All Georg needs are, in classic “Casablanca” fashion, letters of transit that will allow him to visit each port where the ship will dock en route to Mexico. The bureaucracy takes time, and in that time Georg worms his way into the lives of Weidel’s wife Marie (Paula Beer, “Frantz”) — who has heard her husband is in town, and assumes he’s alive — and the son of the dead man who accompanied Georg to Marseilles.

Everyone Georg meets is in transition. Everyone has a story to tell. Everyone is going to die if they can’t get out of town. But only Georg has tickets, and he has only two of them.

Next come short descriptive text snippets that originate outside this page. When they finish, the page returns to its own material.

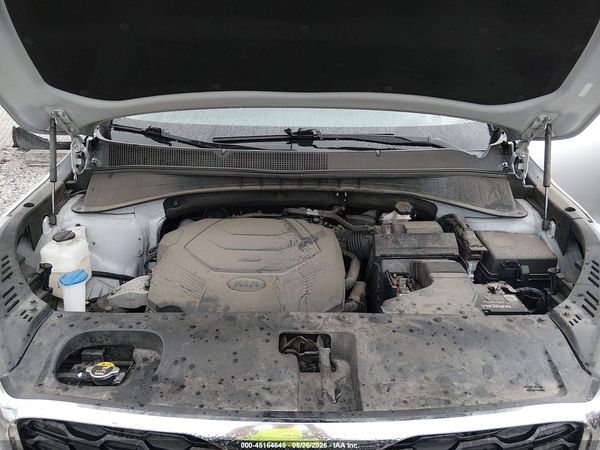 2019 KIA SORENTO 3.3L LX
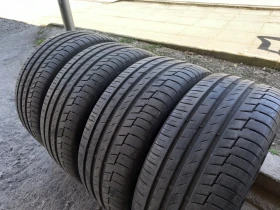 Гуми Летни 245/45R18, снимка 4 - Гуми и джанти - 49593099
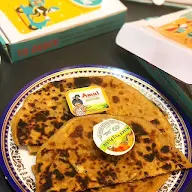 Oye Kiddan - Desi Meals & Parathas photo 2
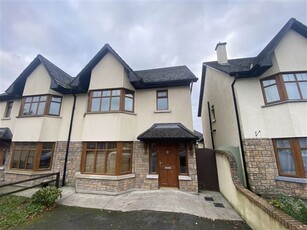 38 Crescent Court, Cappawhite, County Tipperary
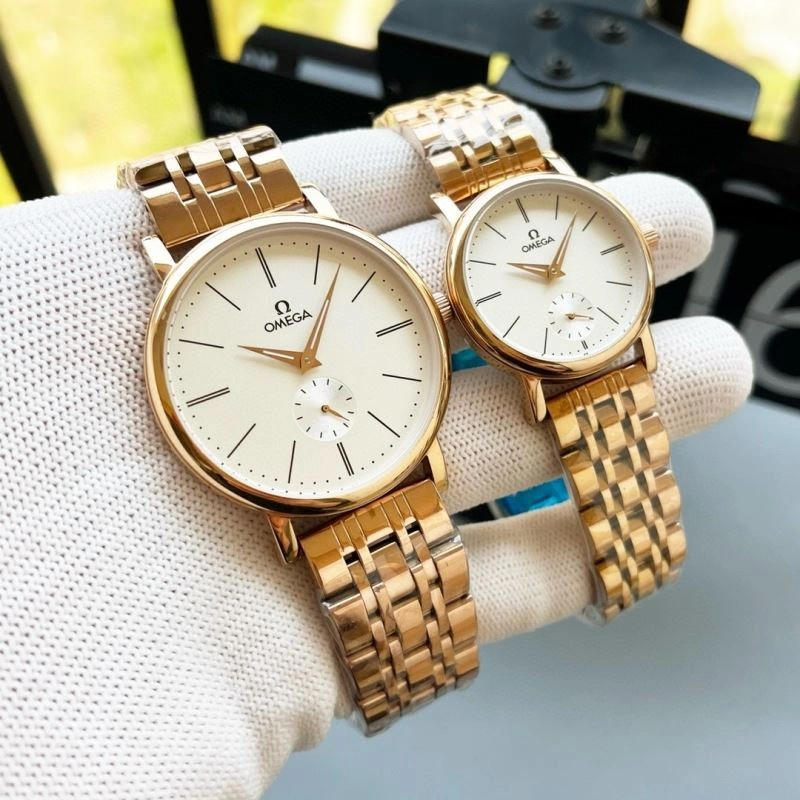 SoftTouch OMEGA Watches 191052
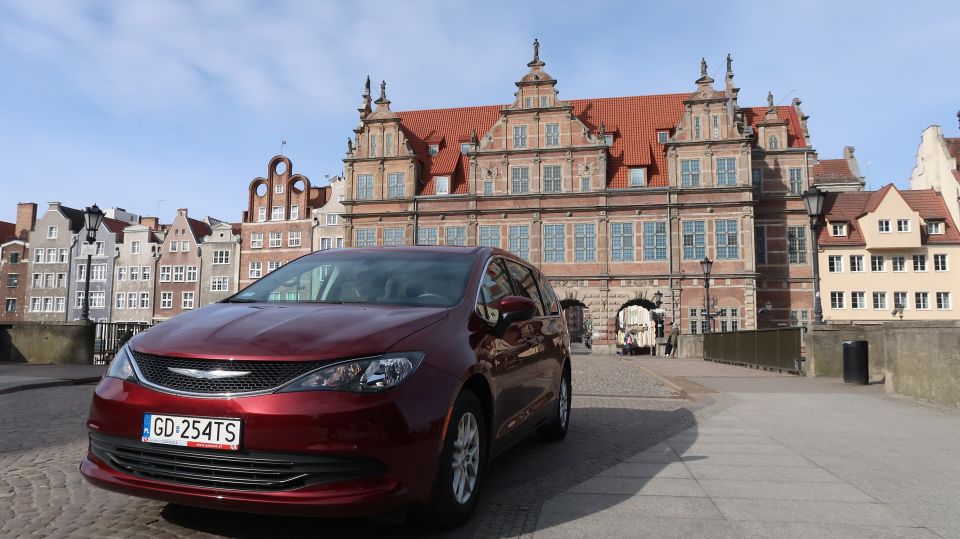 Gdansk and Stutthof Concentration Camp Private Tour - Experience and Accessibility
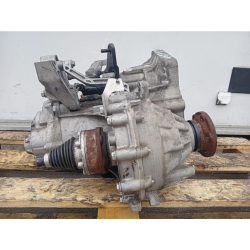 CAMBIO MANUALE COMPLETO VOLKSWAGEN PASSAT SERIE (A32,A33) MYP6 MARCE MANUALE CAYC DIESEL 1598 (11-)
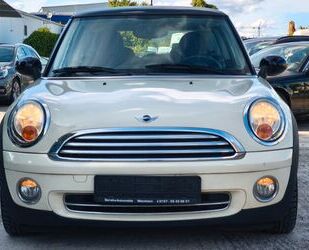 Mini Cooper Gebrauchtwagen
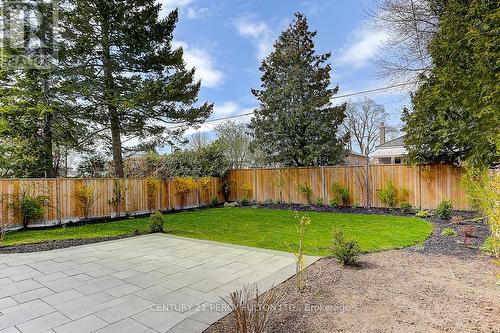 22 Innismore Cres, Toronto, ON - Outdoor With Backyard
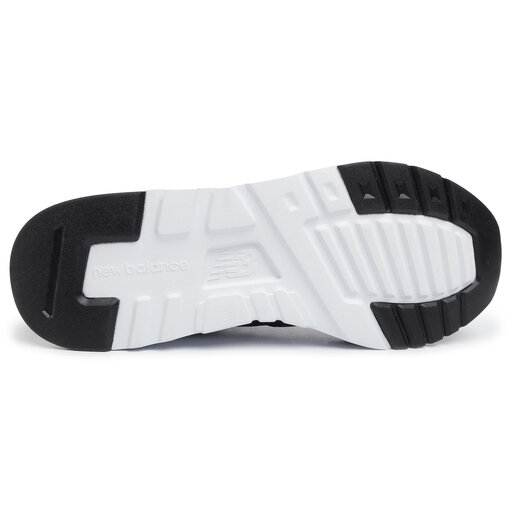 Laisvalaikio batai New Balance CM997HEM Tamsiai mėlyna • Www.eavalyne.lt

“Transit” is based on a novel written in 1944 by Anna Seghers, inspired on her own experiences fleeing the Nazi occupation of France. Writer-director Christian Petzold (“Phoenix”) has transposed her novel to the present day, in the midst of a non-specific fascist uprising in Europe. The political messaging inherent to such a creative decision is obvious but effective, keeping Seghers’ work alive as a rich and relevant cautionary tale.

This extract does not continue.